- Born: Michael Bremner Emyrs Jones 23 August 1942 (age 83) Pontypridd, Glamorgan, Wales, UK
- Occupation: Actor
- Years active: 1964–present
- Spouse: Naomi Buch ​ ​(m. 1988; divorced/died 1996)​
- Partner: Alison Steadman
- Elwyn's voice recorded 2012, as part of an audio description of St Martin-in-the-Fields for VocalEyes

= Michael Elwyn =

Welsh actor (born 1942)

Michael Elwyn (born 23 August 1942) is a Welsh actor, notable for his work in film (Shadow Man), stage (The Audience, as Anthony Eden) and television (Stella).

==Early life==

The son of an Anglican clergyman, Elwyn moved with his family from Wales to Stratford when he was five years old. Initially, he planned to become a barrister and follow in the family's footsteps of having a career in law since his mother and grandfather were magistrates. However, an interest in acting caused him to change his career path.

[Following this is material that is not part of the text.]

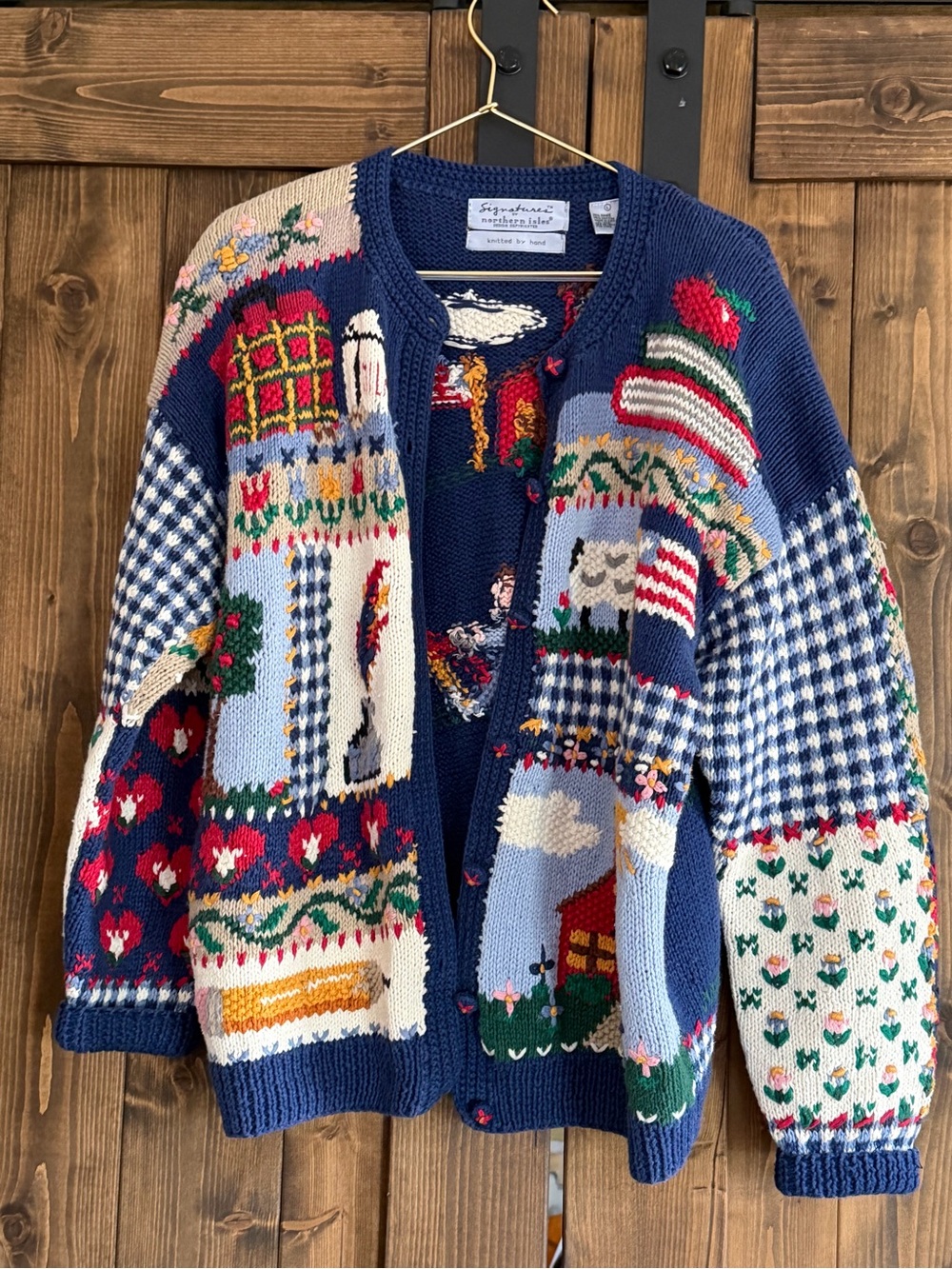 Handcrafted school themed Navy Multi-Pattern Women’s Cardigan Sweater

Elwyn started acting at the age of 10 when he was at Preparatory School but did not take it up seriously until attending Marlborough Public School from 1956 to 1961. There, he received encouragement from the drama teacher and played the lead in a production of George Bernard Shaw's play Saint Joan. Winning a place at Oxford University at age 18, Elwyn studied English but spent most of his time acting and took part in 16 university productions, touring to places such as France, Israel and Ireland, as well as performing in the West End. Aged 21, he sat his final examinations but did not get his degree.

==Career==

Dropping his academic work for a professional acting career, Elwyn started his way up by appearing in repertory. Due to there already being an actor named Emrys Jones, he had to change his surname to Elwyn for acting purposes.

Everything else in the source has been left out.